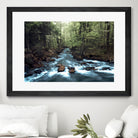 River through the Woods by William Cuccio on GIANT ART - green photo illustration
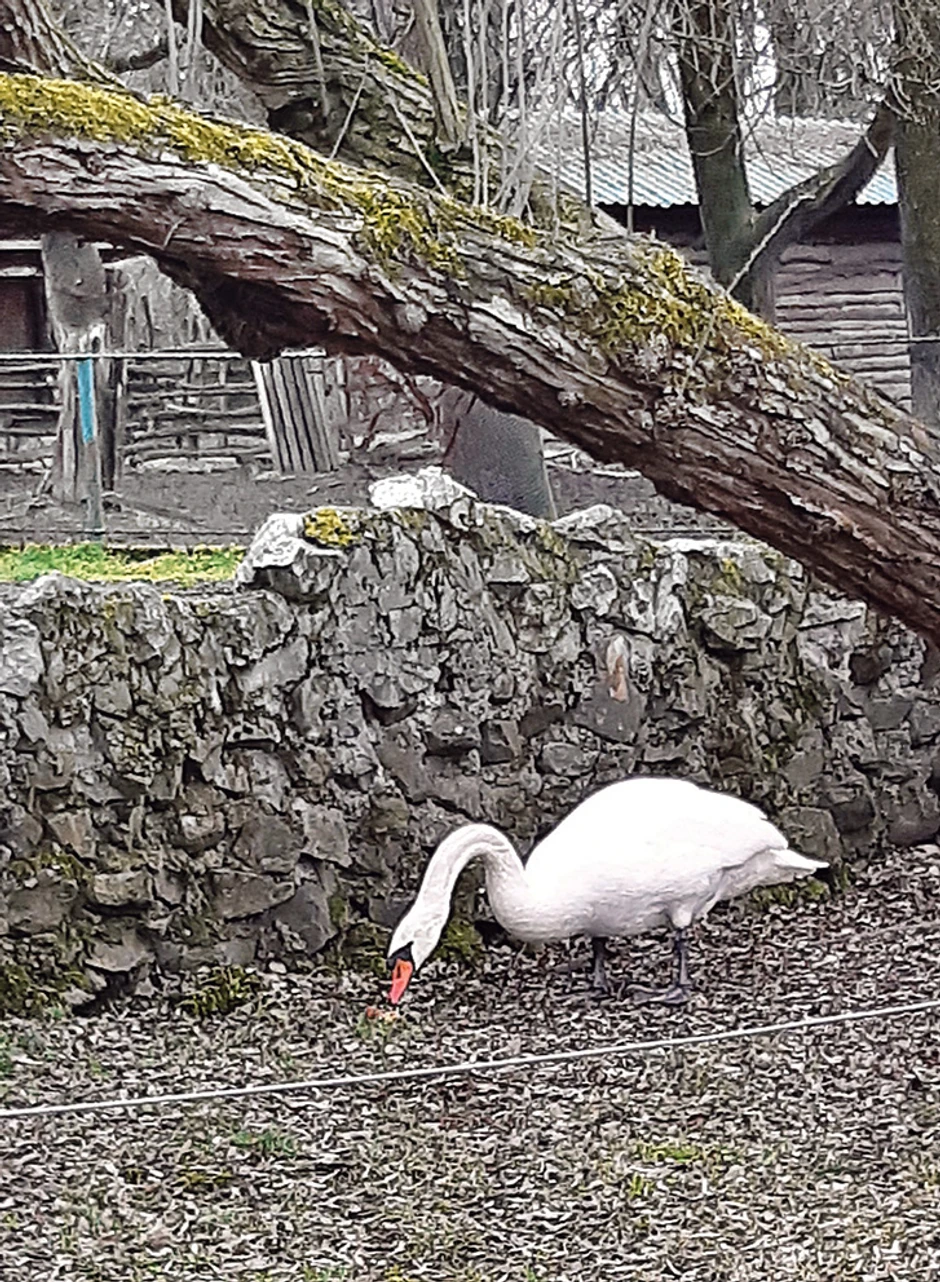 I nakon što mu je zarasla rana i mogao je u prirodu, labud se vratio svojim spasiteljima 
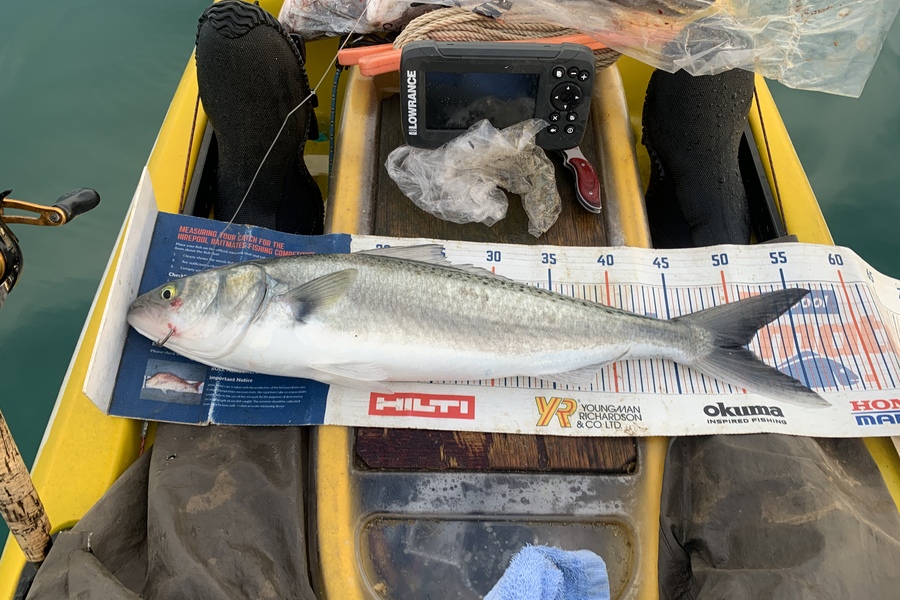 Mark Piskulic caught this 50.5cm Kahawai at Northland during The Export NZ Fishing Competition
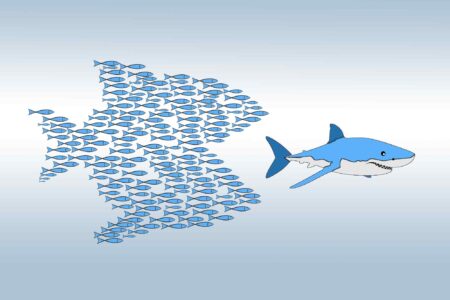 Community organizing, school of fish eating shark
* * * * *
Give back the whole of the material exactly, with the pictures removed.

**Task solution**
 River through the Woods by William Cuccio on GIANT ART - green photo illustration
 I nakon što mu je zarasla rana i mogao je u prirodu, labud se vratio svojim spasiteljima 
 Mark Piskulic caught this 50.5cm Kahawai at Northland during The Export NZ Fishing Competition
 Community organizing, school of fish eating shark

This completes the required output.